The proposed fee applies in addition to the fees assessed by the
outside venue to which the stock portion of the order is routed if an
exchange destination is specified on the original order (with such fees
to be passed on to the market participant). A maximum of $50.00 per
order will be assessed under this fee in order to assure that market
participants do not pay extremely large fees for the processing and
routing by the Exchange of the stock portions of stock-option orders.
Moreover, this maximum fee amount is in line with the maximum fee that
will be assessed by the designated broker that the Exchange intends to
use.
2. Statutory Basis
The Exchange believes the proposed rule change is consistent with
the Act and the rules and regulations thereunder applicable to the
Exchange and, in particular, the requirements of Section 6(b) of the
Act.\4\ Specifically, the Exchange believes the proposed rule change is
consistent with Section 6(b)(4) of the Act,\5\ which provides that
Exchange rules may provide for the equitable allocation of reasonable
dues, fees, and other charges among its Trading Permit Holders and
other persons using its facilities.
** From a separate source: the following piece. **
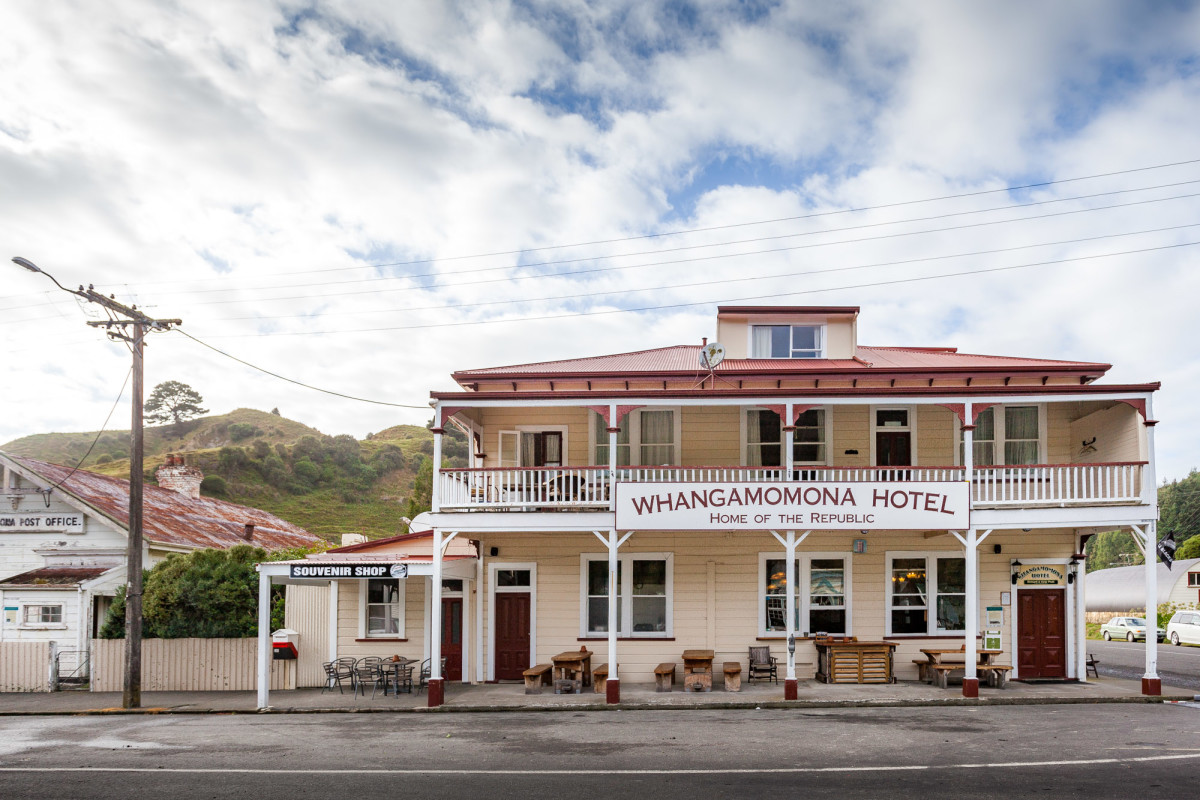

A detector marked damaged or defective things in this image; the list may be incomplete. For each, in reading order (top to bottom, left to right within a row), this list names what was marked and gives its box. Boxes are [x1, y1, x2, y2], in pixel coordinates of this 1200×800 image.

The amount of the proposed fee is
reasonable because it is intended to cover the fees being assessed to
the Exchange by the designated broker that will be managing the
execution of these stock portions of stock-option strategy orders, as
well as to help cover the costs of developing and maintaining the
Exchange systems that allow for the processing and routing of such
stock portions to the designated broker. The proposed fee is equitable
and not unfairly discriminatory because it will be applied to all
market participants equally.
---------------------------------------------------------------------------
\4\ 15 U.S.C. 78f(b).
\5\ 15 U.S.C. 78f(b)(4).
---------------------------------------------------------------------------
Waiving the fee for the processing and routing of the stock portion
of customer stock-option strategy orders through August 31, 2012 is
equitable and not unfairly discriminatory because this waiver is
intended to encourage the sending of customer orders to the Exchange,
and the resulting increased volume and liquidity will benefit all
market participants. Finally, capping the fee at $50.00 per order is
reasonable because it will limit the amount a market participant will
be assessed for the routing and processing by the Exchange of the stock
portion of stock-option strategy orders, and is equitable and not
unfairly discriminatory because this maximum will apply to all market
participants.
B. Self-Regulatory Organization's Statement on Burden on Competition
CBOE does not believe that the proposed rule change will impose any
burden on competition that is not necessary or appropriate in
furtherance of the purposes of the Act.
C. Self-Regulatory Organization's Statement on Comments on the Proposed
Rule Change Received From Members, Participants, or Others
The Exchange neither solicited nor received comments on the
proposed rule change.
III. Date of Effectiveness of the Proposed Rule Change and Timing for
Commission Action
The foregoing rule change has become effective pursuant to Section
19(b)(3)(A) \6\ of the Act and paragraph (f)(2) of Rule 19b-4 \7\
thereunder. At any time within 60 days of the filing of the proposed
rule change, the Commission summarily may temporarily suspend such rule
change if it appears to the Commission that such action is necessary or
appropriate in the public interest, for the protection of investors, or
otherwise in furtherance of the purposes of the Act.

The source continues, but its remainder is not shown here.